'Why We Have Lead-Times, as Explained by the TSA'

The line at the security check point really is just like the lead-time for a manufacturing order. Lean manufacturing is based largely on the idea that we should reduce inventory and lead-times. Lines occur because of two things: a limited capacity and variability in the process. Adding increased capacity – and living with lower capacity utilization -- can reduce the average line length. The X-ray is typically the bottleneck in the security checkpoint and simple improvements can keep that resource operating with the best utilization.

As a consultant in supply chain management, I travel a lot. One of the joys of modern travel is going through airport security. As you may have noticed, getting through security is not always the fastest thing to do. As I wait in those lines, wondering if I am going to miss my flight, I can’t help but fantasize about… material lead-time.

Yes, I can’t shake my operational roots. And really, equating the Transportation Security Administration line with lead-times is a good analogy. All processing networks can be modeled with similar mathematics and they all demonstrate similar dynamics. The line at the security check point really is just like the lead-time for a manufacturing order, or the wait time on hold with a call center, or the packet buffer in an internet router. When I am in a line, I just imagine that we travelers (pun intended) are all work orders in the factory waiting to be processed. Nice little batches of work-in-process on the shop floor, watching our fellow production jobs go, first-in, first-out, into the manufacturing line that is the X-ray machine.

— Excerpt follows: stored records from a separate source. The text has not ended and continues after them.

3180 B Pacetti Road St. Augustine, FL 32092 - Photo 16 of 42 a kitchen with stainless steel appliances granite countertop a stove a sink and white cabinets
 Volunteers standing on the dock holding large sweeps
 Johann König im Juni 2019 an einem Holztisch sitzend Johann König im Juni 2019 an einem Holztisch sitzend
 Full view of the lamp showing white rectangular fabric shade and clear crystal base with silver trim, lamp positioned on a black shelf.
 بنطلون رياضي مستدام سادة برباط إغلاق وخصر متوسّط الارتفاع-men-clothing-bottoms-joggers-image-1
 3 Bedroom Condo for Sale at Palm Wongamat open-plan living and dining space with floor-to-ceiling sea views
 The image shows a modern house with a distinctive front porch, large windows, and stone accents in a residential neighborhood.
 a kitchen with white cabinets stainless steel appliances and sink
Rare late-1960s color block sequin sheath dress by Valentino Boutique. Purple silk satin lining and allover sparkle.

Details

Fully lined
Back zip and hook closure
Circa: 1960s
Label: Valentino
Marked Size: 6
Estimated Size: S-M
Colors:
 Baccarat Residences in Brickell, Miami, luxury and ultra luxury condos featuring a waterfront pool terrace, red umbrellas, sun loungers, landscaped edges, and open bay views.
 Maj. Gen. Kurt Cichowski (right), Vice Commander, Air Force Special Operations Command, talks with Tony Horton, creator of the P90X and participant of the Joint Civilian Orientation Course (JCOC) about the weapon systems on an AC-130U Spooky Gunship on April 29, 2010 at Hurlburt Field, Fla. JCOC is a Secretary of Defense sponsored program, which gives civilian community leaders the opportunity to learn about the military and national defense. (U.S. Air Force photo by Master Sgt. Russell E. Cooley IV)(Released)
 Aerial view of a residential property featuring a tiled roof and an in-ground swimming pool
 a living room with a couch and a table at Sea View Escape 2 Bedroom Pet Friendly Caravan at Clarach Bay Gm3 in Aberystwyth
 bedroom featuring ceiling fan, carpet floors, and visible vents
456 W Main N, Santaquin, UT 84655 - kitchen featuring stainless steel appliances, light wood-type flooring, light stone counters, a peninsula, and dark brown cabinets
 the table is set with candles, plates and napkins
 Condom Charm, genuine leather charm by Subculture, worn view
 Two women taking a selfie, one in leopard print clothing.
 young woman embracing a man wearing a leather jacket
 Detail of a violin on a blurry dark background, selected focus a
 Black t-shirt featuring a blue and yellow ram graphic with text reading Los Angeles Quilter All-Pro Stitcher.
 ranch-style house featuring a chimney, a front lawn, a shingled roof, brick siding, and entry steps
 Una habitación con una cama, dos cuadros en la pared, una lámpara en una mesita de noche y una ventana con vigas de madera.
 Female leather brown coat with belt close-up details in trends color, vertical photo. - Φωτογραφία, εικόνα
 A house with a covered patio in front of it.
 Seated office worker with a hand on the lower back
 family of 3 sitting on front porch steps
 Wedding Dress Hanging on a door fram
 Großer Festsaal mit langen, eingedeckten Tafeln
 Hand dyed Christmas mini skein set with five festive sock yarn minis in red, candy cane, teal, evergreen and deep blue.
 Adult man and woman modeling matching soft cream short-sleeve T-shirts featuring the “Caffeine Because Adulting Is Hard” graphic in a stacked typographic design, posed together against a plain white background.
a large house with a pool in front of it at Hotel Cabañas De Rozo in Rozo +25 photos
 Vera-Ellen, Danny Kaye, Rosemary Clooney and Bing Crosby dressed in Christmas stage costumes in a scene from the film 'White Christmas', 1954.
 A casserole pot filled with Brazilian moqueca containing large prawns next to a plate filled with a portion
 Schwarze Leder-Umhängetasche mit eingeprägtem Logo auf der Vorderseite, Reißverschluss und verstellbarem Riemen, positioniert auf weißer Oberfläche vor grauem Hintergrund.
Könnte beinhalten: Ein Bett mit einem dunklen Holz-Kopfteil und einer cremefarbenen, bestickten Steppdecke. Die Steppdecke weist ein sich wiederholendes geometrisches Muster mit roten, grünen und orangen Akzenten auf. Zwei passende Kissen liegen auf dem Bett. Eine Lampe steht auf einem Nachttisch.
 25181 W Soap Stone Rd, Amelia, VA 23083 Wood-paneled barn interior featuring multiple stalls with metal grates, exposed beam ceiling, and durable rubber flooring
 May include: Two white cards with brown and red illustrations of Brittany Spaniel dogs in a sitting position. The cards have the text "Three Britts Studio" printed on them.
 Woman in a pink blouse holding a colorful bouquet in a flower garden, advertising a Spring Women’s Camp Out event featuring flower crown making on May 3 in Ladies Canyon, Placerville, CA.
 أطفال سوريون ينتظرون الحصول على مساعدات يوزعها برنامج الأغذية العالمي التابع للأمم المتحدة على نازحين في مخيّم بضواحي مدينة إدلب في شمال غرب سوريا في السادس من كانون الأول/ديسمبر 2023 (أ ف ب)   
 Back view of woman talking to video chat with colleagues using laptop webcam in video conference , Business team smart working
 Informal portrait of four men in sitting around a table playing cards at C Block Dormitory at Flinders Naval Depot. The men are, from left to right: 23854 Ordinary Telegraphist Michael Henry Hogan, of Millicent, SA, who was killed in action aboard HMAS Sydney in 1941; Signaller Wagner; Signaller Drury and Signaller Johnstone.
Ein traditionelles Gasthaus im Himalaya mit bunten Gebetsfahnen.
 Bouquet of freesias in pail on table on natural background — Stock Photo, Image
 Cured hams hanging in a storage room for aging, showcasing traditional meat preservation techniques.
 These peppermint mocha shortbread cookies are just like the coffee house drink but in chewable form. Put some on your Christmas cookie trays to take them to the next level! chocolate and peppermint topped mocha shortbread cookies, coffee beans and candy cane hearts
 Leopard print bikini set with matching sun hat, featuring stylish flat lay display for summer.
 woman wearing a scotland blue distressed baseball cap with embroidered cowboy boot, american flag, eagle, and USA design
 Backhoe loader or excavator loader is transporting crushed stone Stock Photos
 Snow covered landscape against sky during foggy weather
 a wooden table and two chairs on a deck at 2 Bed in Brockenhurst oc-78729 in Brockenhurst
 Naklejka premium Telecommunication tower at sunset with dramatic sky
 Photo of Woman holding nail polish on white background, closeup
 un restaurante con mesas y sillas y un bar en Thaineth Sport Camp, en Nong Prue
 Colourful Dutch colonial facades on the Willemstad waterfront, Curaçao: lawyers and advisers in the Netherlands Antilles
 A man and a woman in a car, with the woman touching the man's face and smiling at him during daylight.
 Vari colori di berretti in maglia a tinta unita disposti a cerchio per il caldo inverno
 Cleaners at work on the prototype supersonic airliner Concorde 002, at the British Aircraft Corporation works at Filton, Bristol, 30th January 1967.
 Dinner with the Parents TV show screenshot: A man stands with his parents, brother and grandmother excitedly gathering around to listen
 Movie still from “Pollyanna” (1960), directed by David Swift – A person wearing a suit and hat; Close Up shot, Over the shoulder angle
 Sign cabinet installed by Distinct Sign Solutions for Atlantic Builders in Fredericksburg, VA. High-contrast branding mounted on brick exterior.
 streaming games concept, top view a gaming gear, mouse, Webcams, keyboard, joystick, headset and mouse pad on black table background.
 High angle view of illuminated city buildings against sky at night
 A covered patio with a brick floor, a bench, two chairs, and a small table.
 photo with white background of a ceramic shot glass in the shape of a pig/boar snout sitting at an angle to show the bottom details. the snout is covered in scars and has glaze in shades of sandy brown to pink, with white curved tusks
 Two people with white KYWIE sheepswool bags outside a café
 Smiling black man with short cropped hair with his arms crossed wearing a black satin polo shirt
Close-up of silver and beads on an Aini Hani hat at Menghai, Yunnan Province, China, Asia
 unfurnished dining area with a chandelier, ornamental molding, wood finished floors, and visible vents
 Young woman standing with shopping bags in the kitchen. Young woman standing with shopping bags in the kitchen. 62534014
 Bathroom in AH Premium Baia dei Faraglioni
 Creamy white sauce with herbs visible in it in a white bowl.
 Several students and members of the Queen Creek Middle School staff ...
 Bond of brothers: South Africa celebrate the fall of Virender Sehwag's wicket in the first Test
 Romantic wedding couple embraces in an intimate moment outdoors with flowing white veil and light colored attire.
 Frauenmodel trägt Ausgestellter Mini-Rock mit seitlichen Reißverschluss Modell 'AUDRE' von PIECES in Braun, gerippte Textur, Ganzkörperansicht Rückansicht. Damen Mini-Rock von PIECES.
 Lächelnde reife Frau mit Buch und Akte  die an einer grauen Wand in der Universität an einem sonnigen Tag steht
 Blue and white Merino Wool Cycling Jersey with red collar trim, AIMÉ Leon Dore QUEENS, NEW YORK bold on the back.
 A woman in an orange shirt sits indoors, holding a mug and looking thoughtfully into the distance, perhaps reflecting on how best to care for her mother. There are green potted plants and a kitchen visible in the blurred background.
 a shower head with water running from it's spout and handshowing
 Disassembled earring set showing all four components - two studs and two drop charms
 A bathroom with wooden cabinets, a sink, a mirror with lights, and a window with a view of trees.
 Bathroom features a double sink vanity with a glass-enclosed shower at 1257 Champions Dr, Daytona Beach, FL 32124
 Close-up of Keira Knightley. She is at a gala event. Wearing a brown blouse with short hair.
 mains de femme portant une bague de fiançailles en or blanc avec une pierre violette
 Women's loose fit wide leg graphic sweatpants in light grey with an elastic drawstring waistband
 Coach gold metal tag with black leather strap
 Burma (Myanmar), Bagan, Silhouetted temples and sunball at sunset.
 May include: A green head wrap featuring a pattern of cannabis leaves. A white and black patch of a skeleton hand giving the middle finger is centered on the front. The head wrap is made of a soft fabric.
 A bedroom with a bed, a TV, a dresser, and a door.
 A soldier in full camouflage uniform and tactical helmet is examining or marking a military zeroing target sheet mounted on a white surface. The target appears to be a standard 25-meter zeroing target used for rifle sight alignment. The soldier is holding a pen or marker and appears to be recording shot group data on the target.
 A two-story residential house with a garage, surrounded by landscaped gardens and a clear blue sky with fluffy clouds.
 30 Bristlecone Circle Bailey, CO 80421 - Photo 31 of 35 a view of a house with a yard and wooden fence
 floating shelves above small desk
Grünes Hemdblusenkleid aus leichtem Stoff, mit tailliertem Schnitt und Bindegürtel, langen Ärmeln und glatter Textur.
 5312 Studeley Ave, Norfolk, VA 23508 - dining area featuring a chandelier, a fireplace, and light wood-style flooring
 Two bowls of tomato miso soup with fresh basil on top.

But these thoughts of lead-times and production jobs are not always as happy and comforting as they sound (what, the manufacturing floor is not comforting to you?). As I look at the lines, I think the same thing I think when I see lead-times: Why are they so damn long?

Manufacturing and supply chain professionals have been conditioned (by years of quarterly beatings from our superiors) that lead-times and the associated inventory are bad, bad, bad. Entire philosophies of manufacturing, such as Lean, Six Sigma, the Toyota Production System and Just-In-Time are based largely on the idea that we should reduce inventory and lead-times. Some days, both on the job as an operations professional, and waiting in the TSA line, it feels like all this good knowledge on reducing lead-time isn’t being put into practice.

Here are a few concepts about lead-time dynamics that might help the TSA. For my readers who are manufacturing and supply chain professionals, every time you see “line” or “wait time” below, just think of your lead-time or buffer stock, and you can apply the same learning. Of course, I have to add the huge caveat that I am only addressing the queuing dynamics of the security lines. The TSA personnel are professionals whose primary function is security and protecting us from those who would do harm. In that regard, they have only my appreciation and respect. But about those lines…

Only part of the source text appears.